Информант: Просто многие вещи, особенно темы, которые там относятся к голоду, каннибализму, хождению по головам, то есть такие вот темы, которые граничат с «клюквой» либо мы получим доказательство, что это было, либо мы их зачисляем в мифы. А до тех пор они как бы висят в воздухе, и непонятно, что, что с ними делать. Да, они могли бы войти в общую картину блокады, но, видимо, с примечанием, что это может быть мифом. Или, а это может быть и правдой, но доказательства какие-то. Это одна сторона. То есть войти в картину может все, только с разным комментарием. Как бы. А другое какие-то вот случаи, когда люди не выдерживали или ломались, начинали там какие-то гадости делать. Естественно, это тоже должно было войти в общую картину с оговоркой, видимо, с какой-то. Что… такие вот были условия. Вот так себя люди вели. Это, понятно, их не извиняет, но является просто показателем того что, в чем вообще вот город существовал. То есть ну просто, чтобы… внести какую-то дополнительную ясность.

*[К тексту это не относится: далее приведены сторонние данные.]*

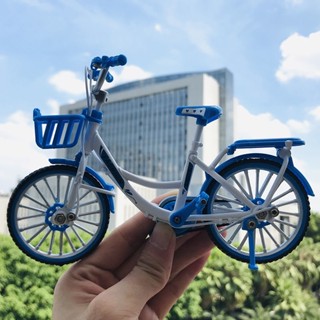 創意模擬合金迷你腳踏車模型擺件摺疊山地車拼裝單車兒童玩具禮物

Интервьюер: Рассказывали ли вы о блокаде своим детям?
Информант: Ну только сейчас рассказываю. Больше о войне. Но о войне, собственно, потому что у меня ребеночек в возрасте как раз нежном с трех до четырех там с небольшим лет провел в довольно военизированной и идеологизированной стране, когда она сказала, что «возьму в руки автомат и всех врагов перестреляю!», года в четыре, я поняла, что надо рвать когти! Но было замечательно. Мы оттуда уезжали на День памяти солдат павших, который там праздновался с невероятным размахом.